Unless otherwise specified, viewing times are local time regardless of time zone, and are good for the entire Lower 48 states (and, generally, for Alaska and Hawaii). Check out last week's tips if you missed a night.

November 26: Moon and Taurus

Taurus, the bull, stands to the upper right of the Moon as they rise this evening. The bull’s V-shaped face is formed by the Hyades star cluster. The bright orange “eye,” Aldebaran, forms one point of the V, although it’s not a member of the cluster.

November 27: Betelgeuse

Betelgeuse, the sparkling orange shoulder of Orion, the hunter, stands to the right of the Moon as they climb into view in mid evening. Betelgeuse is one of the largest stars in our region of the galaxy, and is doomed to explode as a supernova.

November 28: Moon and Gemini

The Moon huddles at the knee of a twin tonight. The star Lambda Geminorum is quite close to the Moon as they climb into good view by about 9 p.m. It represents the knee of Pollux, one of the mythological twins depicted by the constellation Gemini.

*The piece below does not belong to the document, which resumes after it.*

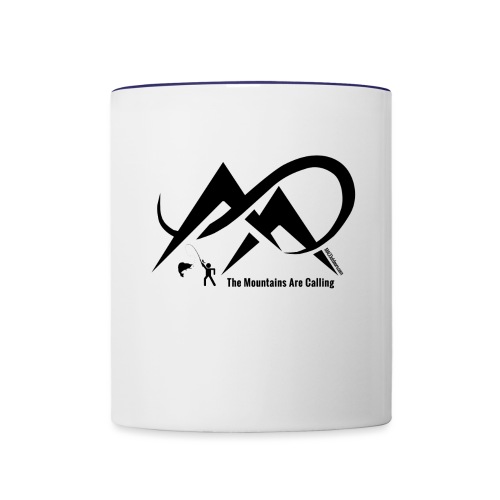 Fishing - The Mountains Are Calling - Black Logo - Contrast Coffee Mug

November 29: More Moon and Gemini

The constellation Gemini, the twins, climbs into good view in the east by about 9 o’clock. The gibbous Moon rises directly below the twins late this evening, and follows them across the sky for the rest of the night.

November 30: Orion Rising

One of the icons of winter nights is climbing higher into the evening sky. Orion the hunter is in good view in the east by about 9 p.m. Look for his “belt” of three moderately bright stars pointing straight up from the horizon.

December 1: Venus and Spica

Spica, the brightest star of the constellation Virgo, is in the southeast at dawn tomorrow. It stands close to the right of Venus, the brilliant “morning star.”

December 2: Orion Nebula

Orion climbs into view in the east by 9 p.m. To the right of its three-star belt, look for a row of three objects that make up Orion’s Sword. One of those objects looks fuzzy because it’s a nebula, a cloud of gas and dust that’s giving birth to new stars.